I have been listening to a seminar entitled Mother's Law by one of my favorite young mom writers, Rachel Jankovic.  I love that she talks more about the theology behind mothering, than the actual mechanics of a day.  It is helping me to work out some of the mechanics better in my own little world. 

One of the lessons for me as I've listened to her talk (and seen her writing) is the impact of the use of story in parenting.  I might be a little more tuned into this because of my recent interest in the Read Aloud Revival podcast. I've been thinking more about how story shapes us.  And what a tremendous medium it has been in my own life for deep truths to take root.  
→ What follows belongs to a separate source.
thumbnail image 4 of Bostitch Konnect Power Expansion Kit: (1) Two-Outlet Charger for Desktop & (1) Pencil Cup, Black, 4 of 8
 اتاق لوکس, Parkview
So I've been experimenting a bit with the boys as we work through some issues in the brotherhood.  We're going through a season when it just seems so much harder to get along.  The love is intense, but so are the squabbles. "Live peaceably" is pretty much the verse of the month around here. One of the ways we're dialoguing about living in unity is through two friends we created.  Their names are Honor and Squabble.  Yesterday Squabble threw an all out fit over a purple striped sock. It was outrageous. And the boys loved it.  It's opening up good conversation and reminders for us, without the feeling that I'm nagging or preaching a lot.

Here's the start up story for Honor and Squabble. I have a feeling they are going to be our story-friends for a long time yet.

There once were two young knights.  Their names were Honor and Squabble.  Both of the young knights were very good at fighting.  And they had ample opportunity in their land for there were many wars raging.  However, they tended to fight about different things.  

Squabble was inclined to playground arguments about trifles.  He preferred a good fight over who had thrown the sand into a baby’s hair as much as a rift over who had reached the finish line first in a grand race among the boys. If someone took his favorite spoon at dinner, Squabble might fly into a rage and even shed tears. He didn’t mind to get a fellow in trouble either, he was as good at starting fights for others as he was finishing them up himself.  If someone bonked into another boy, and they both seemed not to notice, Squabble was quick to point it out and make sure that everyone felt the seriousness of it.  

Honor, on the other hand, preferred to save his strength for a different kind of fight.  Once, when his brother crashed his cycle, he rode as fast as he could to untangle him from the wreckage.  He helped him up and gave him a kind word to lift his spirits.  His mother needed him to save her from the distress of a diaper-change gone awry, so he fought his way through the living room forest to find her the wet wipes.  Once, he was tempted to lie so that he could win a game.  But, knowing that it takes more courage to tell the truth, he admitted that he had landed on the terrible, sinking snake. He took last place in the game but felt he could shake hands with dignity in the end. If ever anyone needed help, no matter how difficult, they knew they could rely on Honor.  

So it went that the boys fought on, in their own ways, until they were men. The fights looked a little different when they had grown up, but in some ways, they were very much the same.